Что касается "поставки" то  о поставке речи не идет. Речь идет о share а это может быть все, что угодно а не только поставка, например, технологии или идеи. Хотя вам виднее. Я  письма не видела.


----------



## estreets

dec-sev said:


> @sobakus: только из этих побуждений исключил "кастомизацию" в моем варианте. Target group -- русскоязычная фирма. В нагромождении родительных паджей разберутся, а вот с новомодным иностранным словом, не уверен. Хотя, в данном случае я сужу по себе -- я этого слова не слышал, и если бы получил подобное письмо, то попросил бы уточнить "что конкретно ты имела в виду"

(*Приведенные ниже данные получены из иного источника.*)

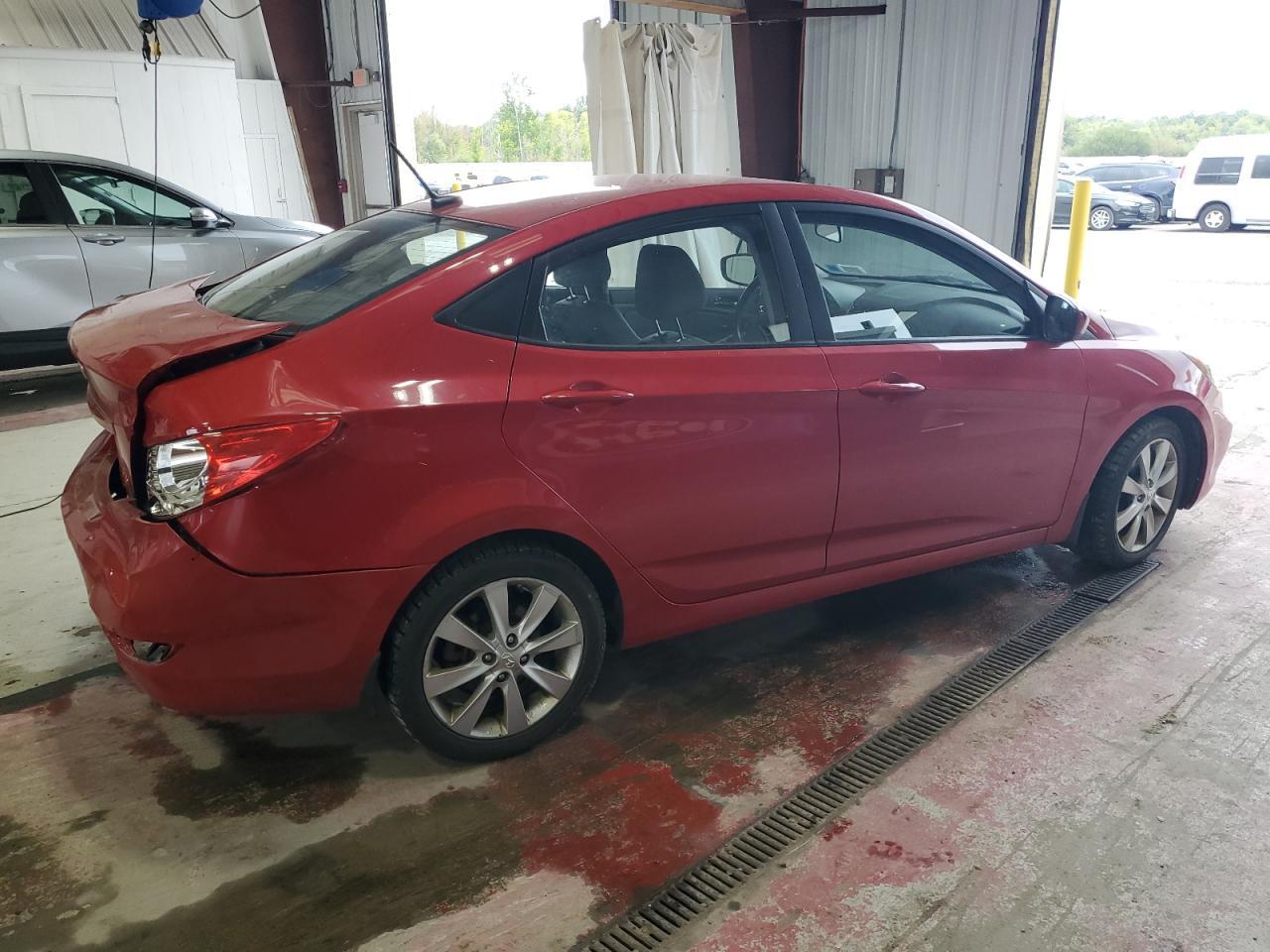 2013 Hyundai Accent Gls - Фото 3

А что тут непонятного? Кастомизация - это включение в какую-то касту. 
В кастовой Индии процесс кастомизации приобрел поистине вселенские масштабы.


----------



## olgarb

Там вроде революционировализировали  кастомизацию после выгонизации англонизаторов


----------



## Sobakus

olgarb said:


> Там вроде революционировализировали  кастомизацию после выгонизации англонизаторов





olgarb said:


> продукцией, <..> опытом индивидуализации заказов клиентов, с такой престижной фирмой



Не мог удержаться  На мой взгляд, бизнес-сленгrolleyes русифицировать себе дороже.


----------



## morzh

Sobakus said:


> Не мог удержаться  На мой взгляд, бизнес-сленгrolleyes русифицировать себе дороже.



Да почему ж? Если уже есть подходящие слова, к тому же употреблявшиеся ранее (purchaser - закупщик, снабженец; custom(ized) - заказной, штучный etc; price list - прейскурант, список цен) - это и не слэнг вовсе, это - спецтерминология, и она существовала давно, да и продолжает существовать - в СССР, хоть и без капитализьму, но производство-то было, и даже, как в это ни верится с трудом - были товарно-денежные отношения. 
Более того, зачастую англицизмы вводятся не оттого, что соответствующих слов в русском нет (в этом случае я только за заимствования; мы, чай, не французы какие - с ума-то совсем сходить), а оттого, что кто-то хочет выглядеть современей, "кульней", и вообще как "я - заморская штучка" - по-русски и говорить-то не могу; ну или порою от простой лени - куда как проще сказать "кастомизированный" (а простому человеку надо еще объяснить, что означает "кастом"; для него "кастомизированный" от "кастрированный" мало отличается), нежели попытаться вспомнить, как же это уже может называться. От плохого знания языка эта тенденция, да от лени. 
"Дебет" да "кредит", наверное, уже не стоит русифицировать, а вот превращать "ателье индпошива" в "кастом тэйлоринг" - без этого можно и обойтись.


----------



## olgarb

Я на сто процентов согласна. Ненавижу заимстования хотя иной раз впопыхах неохота возиться, но зато поиск развивает мышление, сноровку и реакцию а это весьма ценные качества и не требуют дополнительных материальных затрат. Наоборот, тебе платят.


----------



## Sobakus

olgarb said:


> Я на сто процентов согласна. Ненавижу заимстования хотя иной раз впопыхах неохота возиться, но зато поиск развивает мышление, сноровку и реакцию а это весьма ценные качества и не требуют дополнительных материальных затрат. Наоборот, тебе платят.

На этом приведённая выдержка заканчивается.